When it comes to tablets, it seems Asus is on a bit of a roll. In my estimation, its Transformer Pad is the best value 10-incher on the market and, lest we forget the company makes the altogether excellent Nexus 7 for Google. There is no sign of Asus resting on its laurels either, if its latest Transformer device is anything to go by.

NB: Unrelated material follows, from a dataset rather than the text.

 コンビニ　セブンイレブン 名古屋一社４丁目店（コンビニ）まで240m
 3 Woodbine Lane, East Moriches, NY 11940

Key features: Asus' Transformer Pad Infinity
The Asus Transformer Pad Infinity utilises a powerful Nvidia chipset and features a full HD screen. Indeed, the resolution is actually 1920 x 1200 rather than 1920 x 1080, so you still get the full 1080p banana even when the menu bar is showing along the bottom of the screen. The panel notches up a pixel density of 224ppi, several streets ahead of the Transformer Prime’s 149ppi, a smidgeon better than the Nexus 7’s 216ppi and not a world away from the new iPad’s much vaunted 264ppi retina display.
Numbers aside, the display is impressive: sharp, with no discernible backlight bleed, it’s the best of the Transformer bunch when it comes to making blacks look black. Asus’s IPS screens just keep getting better and better, and they were pretty good to begin with.
Leave the keys, just take a tablet
It’s bright too. Like the Prime the Infinity has a Super IPS mode which cranks the brightness up to 600cd/m² rather than the more usual 300cd/m². To be honest, I’m not sure you need a panel to be this bright but if you do find yourself using your tablet in sunlight it’s good to know you can turn it up to 11 and put Helios to shame.
Physically, the Infinity is very similar to the Prime – the tablet part is 0.2mm thicker and 12g heavier though it’s not made entirely of aluminium. The upper part of the rear of the tablet is plastic to help the GPS radio do its thing. It’s an impressively solid and robust device but so is the basic Transformer Pad and that’s made entirely of plastic.
It’s worth noting here that the Infinity’s GPS and Wi-Fi reception are very good. In fact it’s the best I’ve encountered on an Android tablet, which is worth taking into consideration if you plan on using it as a satnav or in a location with questionable Wi-Fi reception. I suspect the kicking that Asus took over the Prime’s poor performance in these areas, has paid dividends.